Valley First UBC Okanagan Athletics Scholarship Breakfast
UBC President Stephen Toope told a Kelowna audience of 350 people on Friday morning that sport, universities and student-athletes all have the power to transform, and he cited the positive impacts of the 2010 Olympic Winter Games as a prime example of this power.
“Is it just me, or does something feel a little different this year?” he asked the fifth-annual Valley First UBC Okanagan Athletics Scholarship Breakfast at the Coast Capri Hotel. “Don’t we all feel just a bit different than we did before the 2010 Winter Games?”

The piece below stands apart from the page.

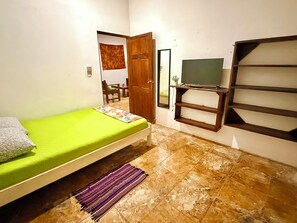 Una habitación con una cama, un televisor en un estante, un espejo y una puerta que da a otra habitación.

Toope said UBC has partnered with the Vancouver Olympic Organizing Committee to create the UBC Centre for Sports and Sustainability, to investigate the ways sport transforms people, communities and cultures to deliver lasting benefits.
The galvanizing experience of successfully hosting the Olympics was transformational for B.C. and the entire country, he said. Through sport’s ability to create transformation, UBC itself has even greater opportunities to serve important social needs in the community, “thanks in no small part to our student-athletes, whose accomplishments in competition tend to overshadow their contributions to community and humanitarian interests.”
“Dozens of student-athletes at our Okanagan campus have become similarly involved in a growing community outreach program, focusing on initiatives in support of the food bank, environmental stewardship, and one that is particularly relevant for UBC Okanagan, the Wendy’s Dream Lift program for sick children.”
“At a time when we have been so vividly reminded of the power of sport to transform, there can be no question that our student-athletes merit the greatest possible support from their university, its alumni and the wider community,” said Toope.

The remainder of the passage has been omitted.